The Christianity of the Egyptians was mostly superstition; and as it spread over the land it embraced the whole nation within its pale, not so much by purifying the pagan opinions as by lowering itself to their level, and fitting itself to their corporeal notions of the Creator. This was in a large measure induced by the custom of using the old temples for Christian churches; the form of worship was in part guided by the form of the building, and even the old traditions were engrafted on the new religion. Thus the traveller Antonius, after visiting the remarkable places in the Holy Land, came to Egypt to search for the chariots of the Egyptians who pursued Moses, petrified into rocks at the bottom of the Red Sea, and for the footsteps left in the sands by the infant Jesus while he dwelt in Egypt with his parents. At Memphis he enquired why one of the doors in the great temple of Phtah, then used as a church, was always closed, and he was told that it had been rudely shut against the infant Jesus five hundred years before, and mortal strength had never since been able to open it.

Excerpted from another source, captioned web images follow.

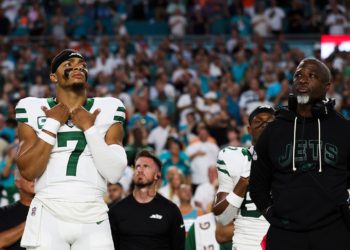 Jets’ quarterback situation takes bizarre turn days after Aaron Glenn’s tense back-and-forth with media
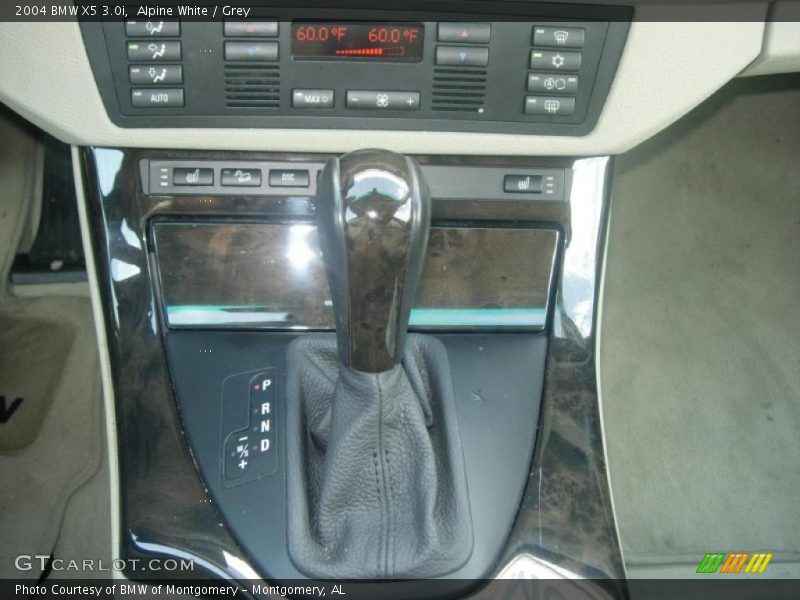 Alpine White / Grey 2004 BMW X5 3.0i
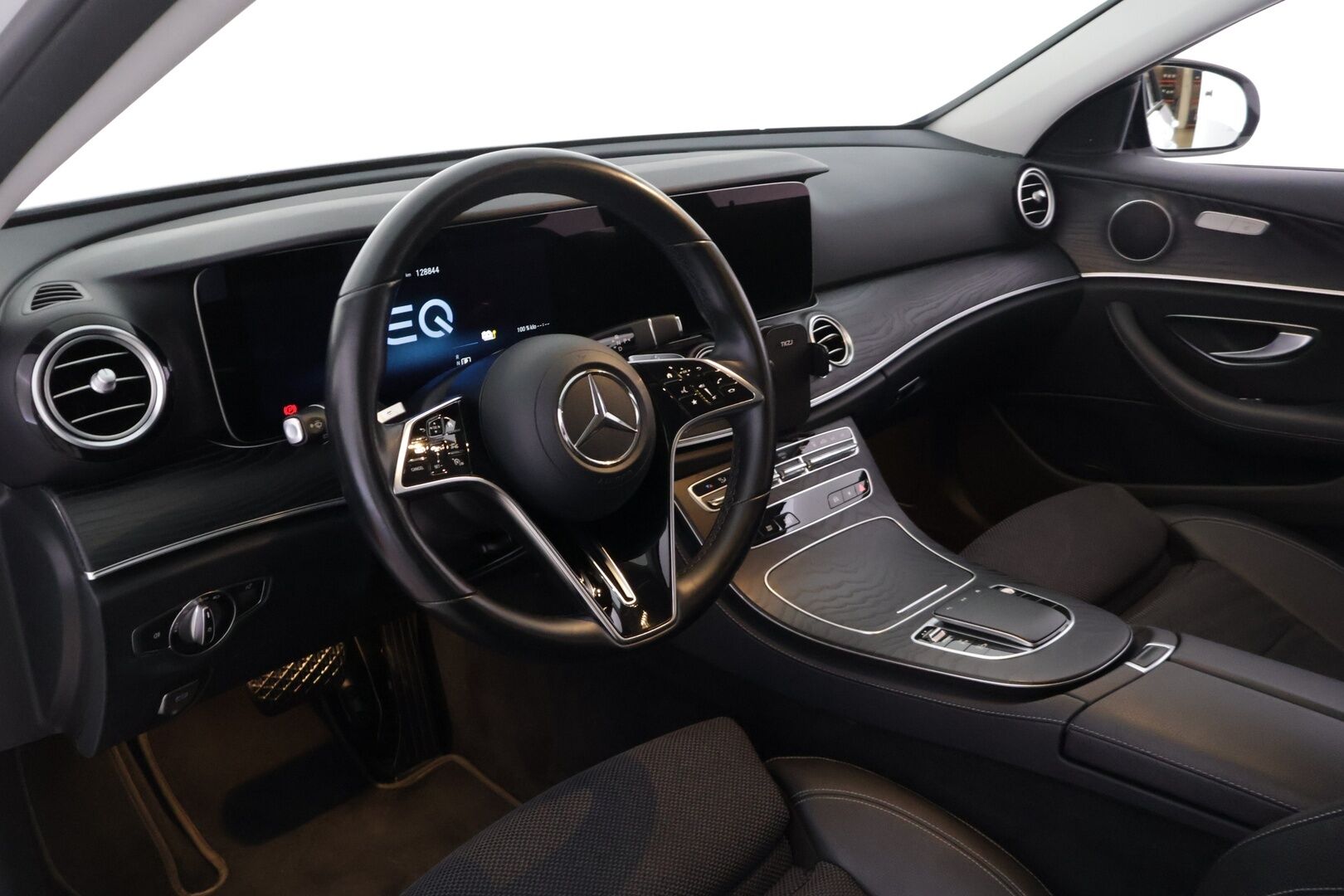 MERCEDES-BENZ E 2021 300 e T A Business Avantgarde EQ Power - | DTR+Q | Widescreen | Night-Paketti | Peruutuskamera | Puolinahat | Apple&Android | Huippusiisti! 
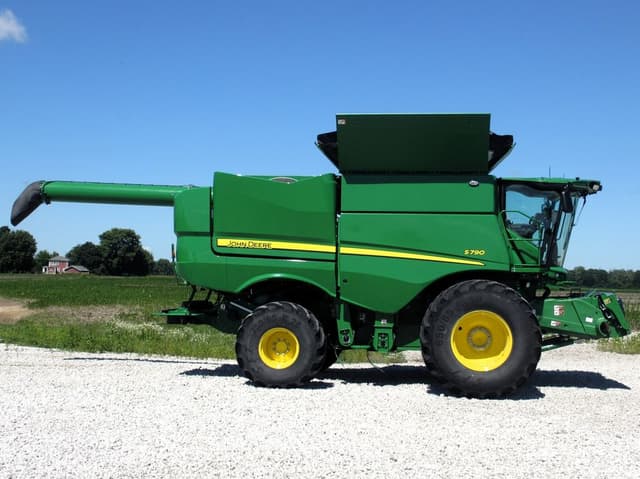 Image of John Deere S790 equipment image 4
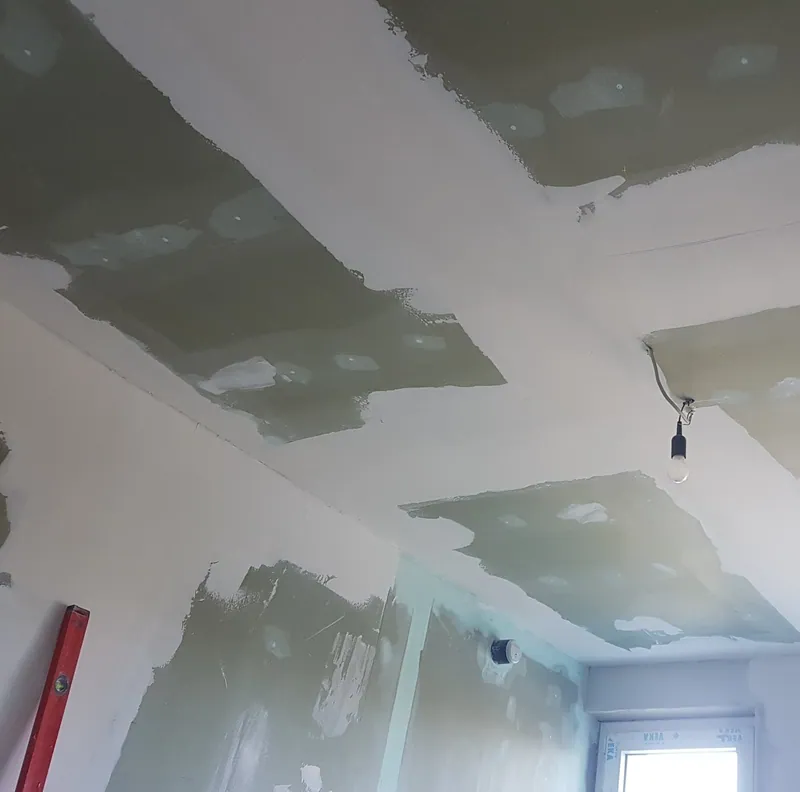 Gespachtelte Trockenbaudecke mit Spachtelstellen an Decke und Wand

The records of the empire declared that the first Caesars had kept six hundred and forty-five thousand men under arms to guard Italy, Africa, Spain, and Egypt, a number perhaps much larger than the truth; but Justinian could with difficulty maintain one hundred and fifty thousand ill-disciplined troops, a force far from large enough to hold even those provinces that remained to him. During the latter half of his reign the eastern frontier of this falling empire was sorely harassed by the Persians under their king Chosroes. They overran Syria, defeated the army of the empire in a pitched battle, and then took Antioch. By these defeats the military roads were stopped; Egypt was cut off from the rest of the empire and could be reached from the capital only by sea. Hence the emperor was driven to a change in his religious policy. He gave over the persecution of the Jacobite opinions, and even went so far in one of his decrees as to call the body of Jesus incorruptible, as he thought that these were the only means of keeping the allegiance of his subjects or the friendship of his Arab neighbours, all of whom, as far as they were Christians, held the Jacobite view of the Nicene creed, and denied the two natures of Christ.

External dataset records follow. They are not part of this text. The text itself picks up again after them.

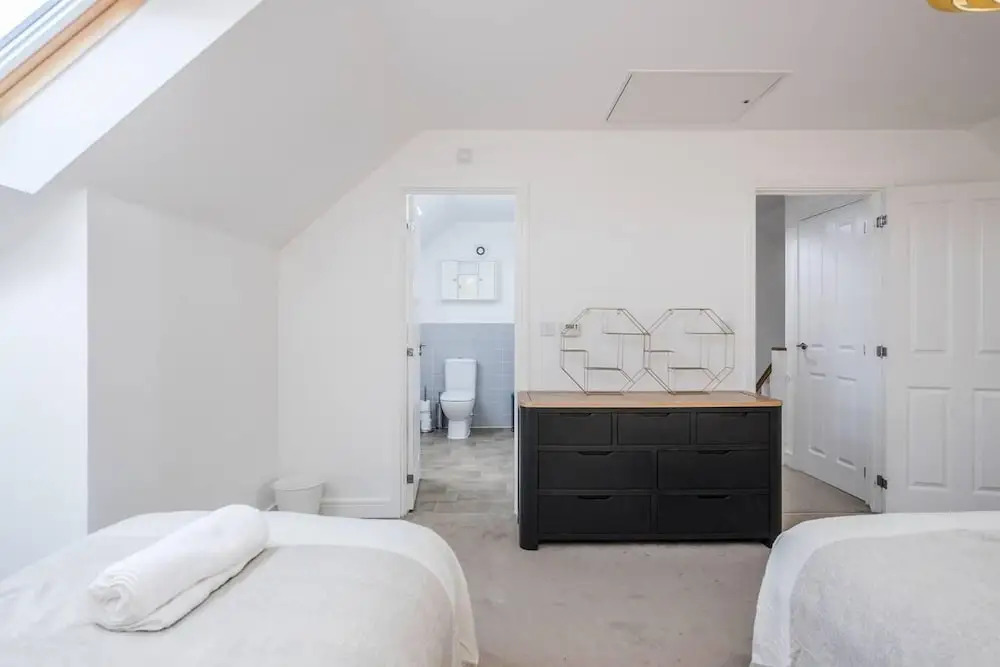tms Cheerful 5bdr House! Thurrock! Free Parking!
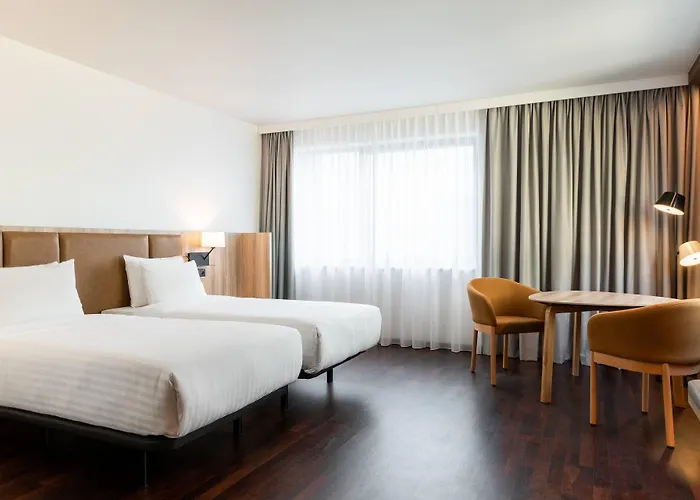 Hotel Ac By Marriott Old Town 4*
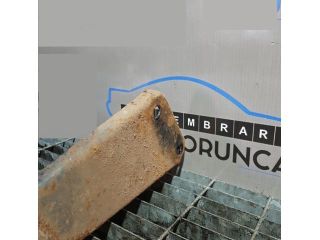 bontott MITSUBISHI L 200 Hátsó Lökhárító Merevítő (Fém)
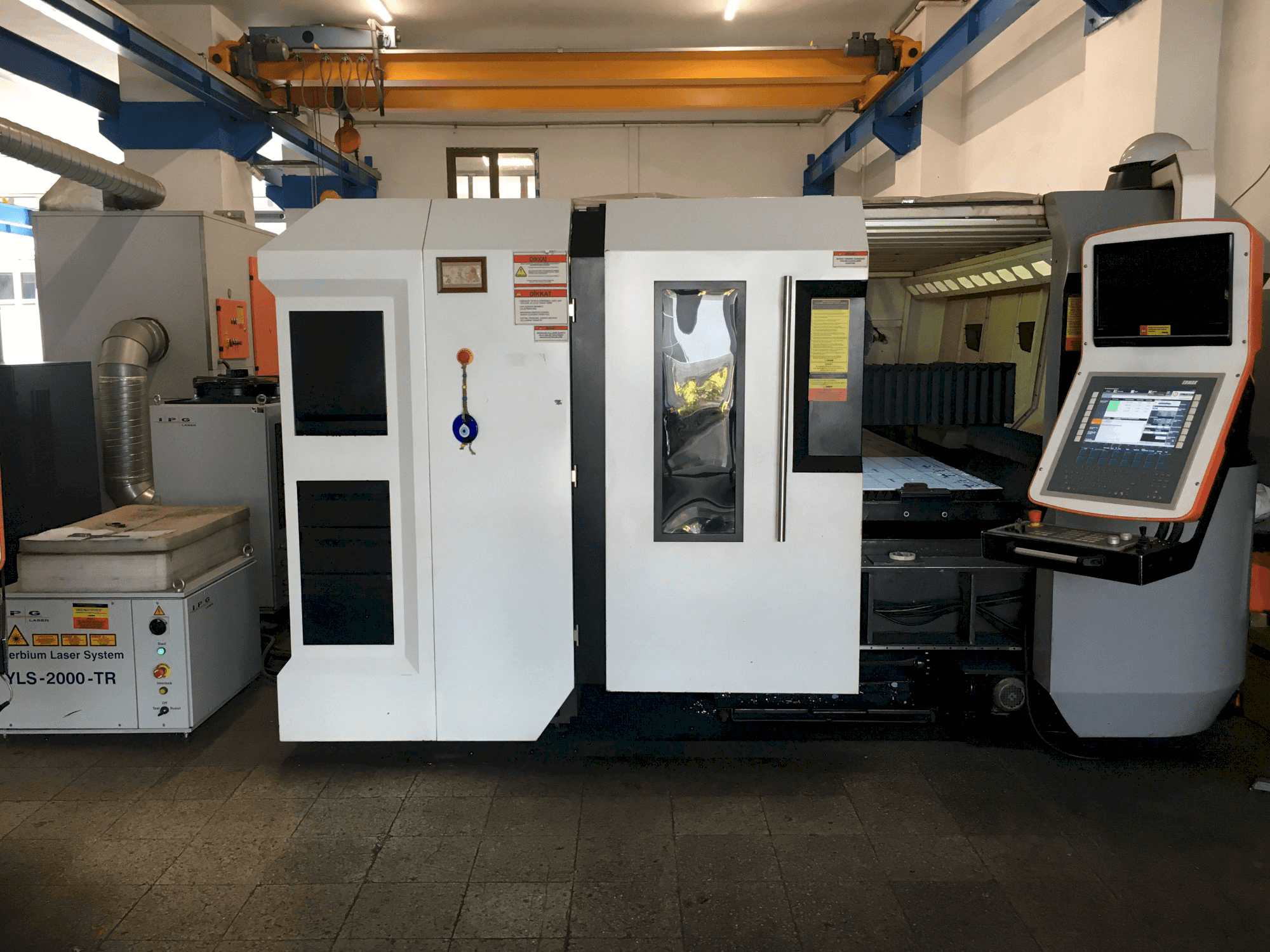 Koneen ERMAKSAN etunäkymä FIBERMAK Momentum Gen-3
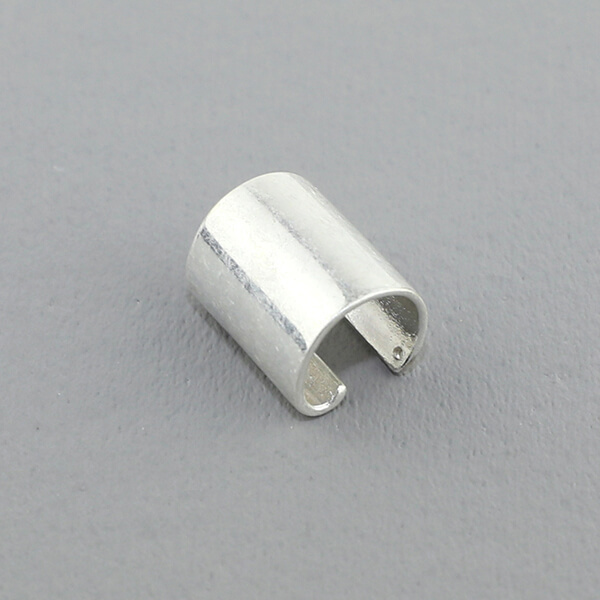 秋冬コーデに映える、旬なアクセをご紹介！「ゆったりと自然体」「ドレスアップ」がキーワード、オーサムストアの新作アクセサリー特集！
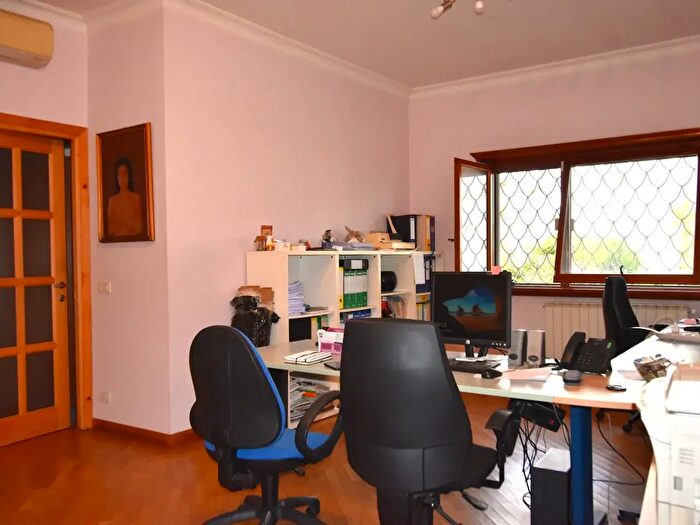Appartamento bilocale in vendita in Via della Casetta Mattei, Roma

As the forces of Constantinople were driven back by the victorious armies of the Persians, the emperors had lost, among other fortresses, the capital of Arabia Nabataae, that curious rocky fastness that well deserved the name of Petra, and which had been garrisoned by Romans from the reign of Trajan till that of Valens. On this loss it became necessary to fortify a new frontier post on the Egyptian side of the Elanitic Gulf. Justinian then built the fortified monastery near Mount Sinai, to guard the only pass by which Egypt could be entered without the help of a fleet; and when it was found to be commanded by one of the higher points of the mountain he beheaded the engineer who built it, and remedied the fault, as far as it could be done, by a small fortress on the higher ground. This monastery was held by the Egyptians, and maintained out of the Egyptian taxes. When the Egyptians were formerly masters of their own country, before the Persian and Greek conquests, they were governed by a race of priests, and the temples were their only fortresses.